Salma a-Deb'i, chercheuse sur le terrain à Naplouse pour l'organisation israélienne de défense des droits humains B'Tselem, qui nous a accompagnés dans la ville cette semaine avec son collègue, Abdulkarim Sadi, nous montre des photos sur lesquelles 13 impacts de balles sont visibles dans la voiture de Hait. Il est difficile de croire que seuls ses yeux ont été blessés ; les deux femmes dans la voiture, accroupies sur le sol, en sont sorties indemnes.

 

Un fragment de métal a détruit son œil droit de façon permanente, et un autre fragment reste logé dans son œil gauche, bien qu'il puisse voir avec.

 

« Je n'ai pas d'ennemis et je ne déteste personne.
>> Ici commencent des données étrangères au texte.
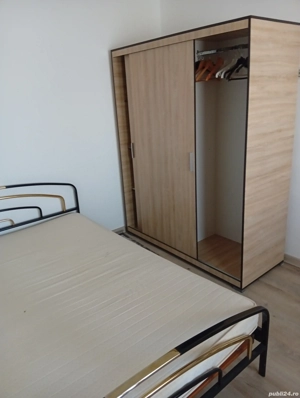 Închiriez apartament cu 2 camere zona Piața Sârbilor - imagine 3 Închiriez apartament cu 2 camere zona Piața Sârbilor - imagine 3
Je travaille avec Israël, depuis des années j'ai eu un permis d'entrée dans le pays, alors cela me fait encore plus mal », dit Hait, assis avec ses parents, Faisa et Abd el-Karim.

 

Hait a été emmené à l'hôpital Rafadiya, où, en raison du choc, il a été incapable de parler pendant un certain temps. Lorsqu'il a été placé dans l'appareil de tomodensitométrie et qu'il a senti le froid des climatiseurs dans la salle d'examen, il se souvient avoir pensé qu'on le mettait à la morgue.

 

Les noms des personnes tuées cette nuit-là ont été lus par les haut-parleurs de l'hôpital, et il dit avoir été surpris que son nom ne soit pas mentionné. Il a finalement réalisé qu'il avait survécu. Ce n'est que vers l'aube qu'il sort de son cauchemar muet et découvre ses parents à son chevet.

 

L'un des cinq noms lus à l'hôpital était celui de Hamdi Sharaf, 33 ans, qui était marié et avait deux enfants. Comme Ali Antar, Sharaf était également coiffeur, mais il vivait dans la vieille ville de Naplouse, la “Casbah”.

 

C'est là que Sharaf gagnait sa vie et c'est là qu'il a été tué, à peu près au même moment où la police des frontières a abattu un autre barbier de l'autre côté de la ville.